Non ci sarà, forse, una sola Web tax ma due. La Commissione Europea ha scelto di procedere sue due strade e in due tempi, con una riforma legislativa da realizzarsi in tempi brevi e una di lungo periodo. L'obiettivo è unico: ribilanciare i costi/benefici della presenza di multinazionali tecnologiche, per lo più statunitensi, che operano nel Vecchio Continente con i propri servizi, facendo profitti che al momento non risultano tassati a dovere. Non sempre, infatti, alle attività europee di colossi come Facebook, Google, Amazon, Apple, Uber o Airbnb corrisponde una presenza fisica nel territorio Ue, mentre le attuali imposte gravano solo sulle filiali o divisioni materialmente residenti negli Stati membri.
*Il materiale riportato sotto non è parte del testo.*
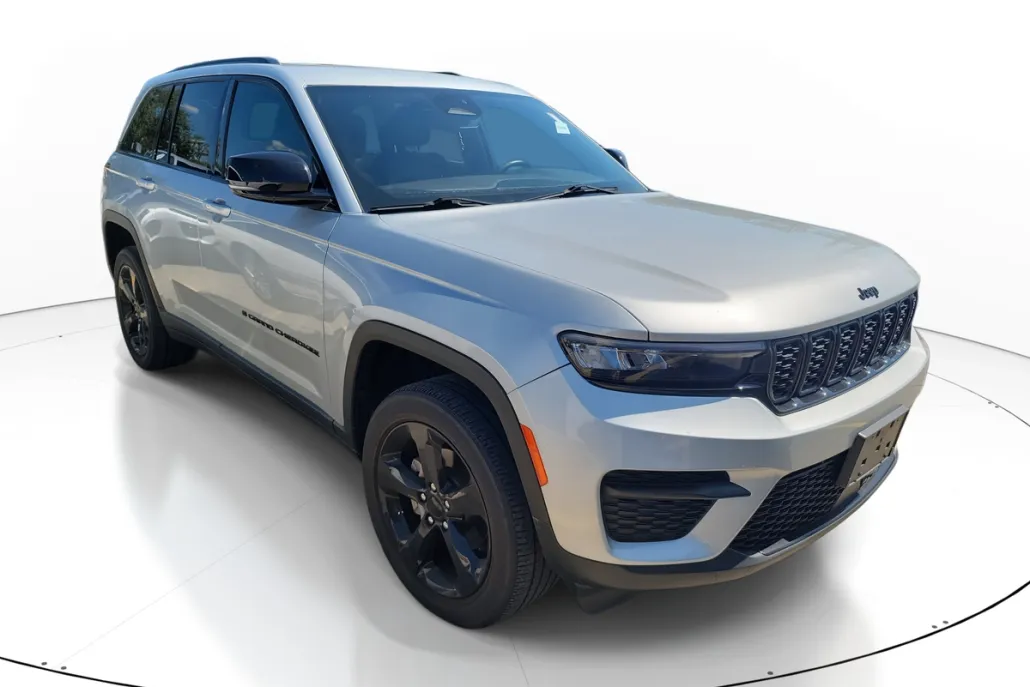 2022 Jeep Grand Cherokee Altitude photo 1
A Bruxelles la Commissione ha quindi presentato due distinte proposte di riforma legislativa, una mirata a tamponare il problema nell'immediato e l'altra a trovare un assetto definitivo. La soluzione “temporanea” prevede, come già ipotizzato da alcune indiscrezioni, un'aliquota del 3% applicabile ai soli colossi con fatturato non inferiore a 750 milioni di euro, 50 dei quali generati in territorio europeo con la vendita di spazi pubblicitari (come nel caso di Google), di dati ad altre società (Facebook, e l'esempio è quanto mai attuale dopo lo scandalo di Cambridge Analytica) o di servizi di intermediazione fra aziende e clienti finali (come fanno, per esempio, Uber ed Airbnb).
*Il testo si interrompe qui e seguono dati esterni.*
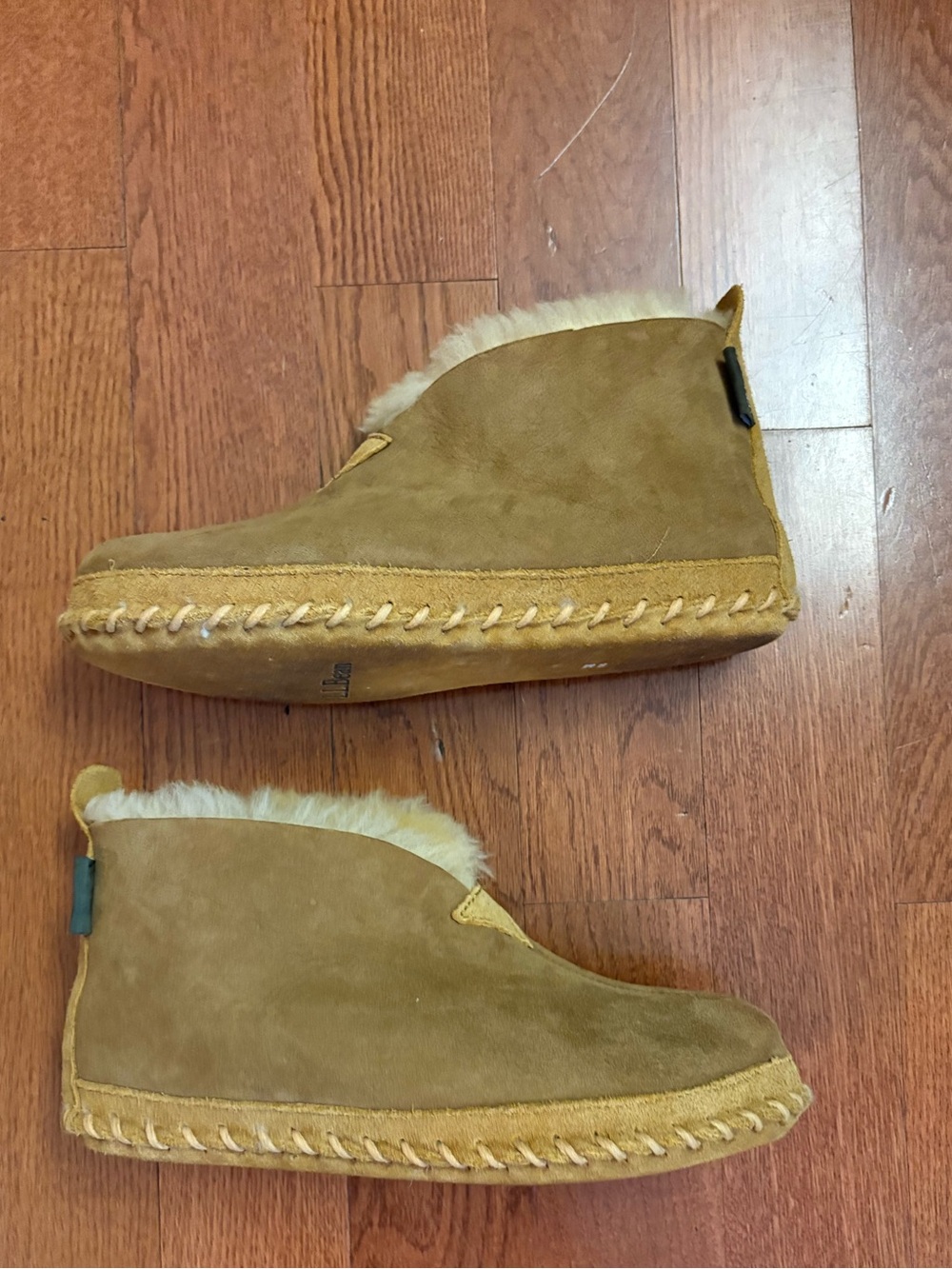 L.L. Bean Women's Wicked Good Slippers. Size 8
In base alla proposta di legge, tali aziende dovrebbero versare il 3% del proprio fatturato derivante da tali attività in Europa (misura certo più penalizzante rispetto a un'aliquota calcolata solo sugli utili) e, secondo le stime di Bruxelles, l'Ue ne ricaverebbe un introito di circa 5 miliardi di euro all'anno. Tale tassa indiretta sarebbe comunque una misura temporanea, valida solo fino al varo della riforma di lungo termine.
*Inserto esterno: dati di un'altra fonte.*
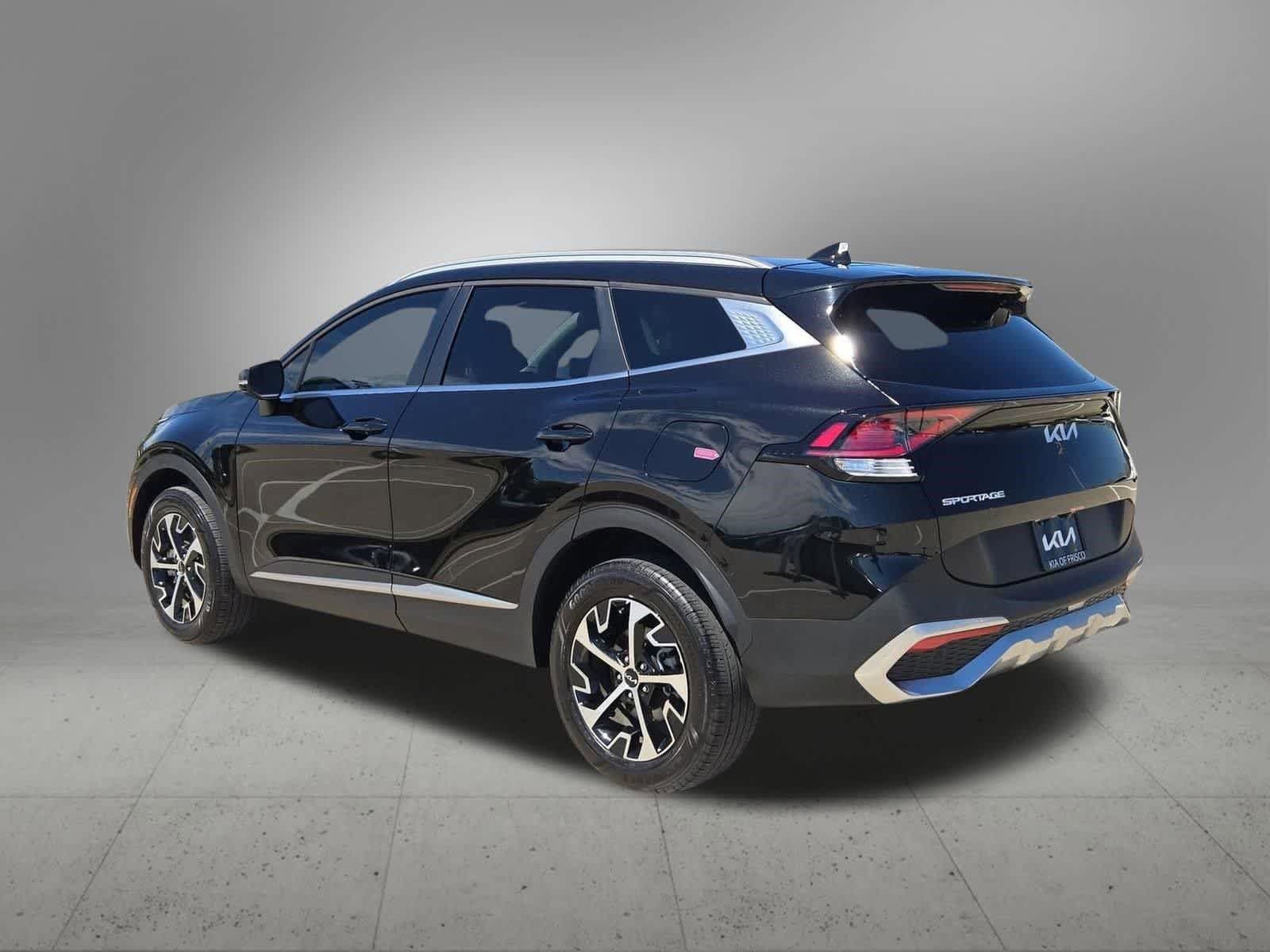 Used 2025 Kia Sportage EX image 4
Quest'ultima prevede, invece, che le aliquote per i colossi Web extra-Ue vengano calcolate in ciascun Paese membro anche se la società non ha una presenza fisica in quello Stato. La tassazione si applicherà a chi abbia in quel Paese e in ciascun anno fiscale almeno 100mila utenti finali per i propri servizi o almeno tremila contratti commerciali in corso o un fatturato di almeno 7 milioni di euro. Questi parametri definiranno le società Web sulla base della loro “presenza digitale” in una data geografia e a prescindere dalla presenza fisica.
La proposta, sottolinea la Commissione, evita che si crei un mosaico incoerente di legislazioni nazionali e allo stesso tempo "garantisce un legame effettivo tra il luogo in cui gli utili sono realizzati e quello in cui sono tassati”. Mentre Italia, Francia, Germania e Spagna sono favorevoli, Paesi come Irlanda, Olanda, Lussembugo, Malta e Cipro sono preoccupati che questo giro di vite possa scoraggiare gli investimenti dei colossi digitali stranieri. Non a caso, è in questi Stati che aziende come Google, Amazon ed Apple possono ottenere vantaggiose condizioni fiscali, oltre a quelle climatiche particolarmente propizie per i data center.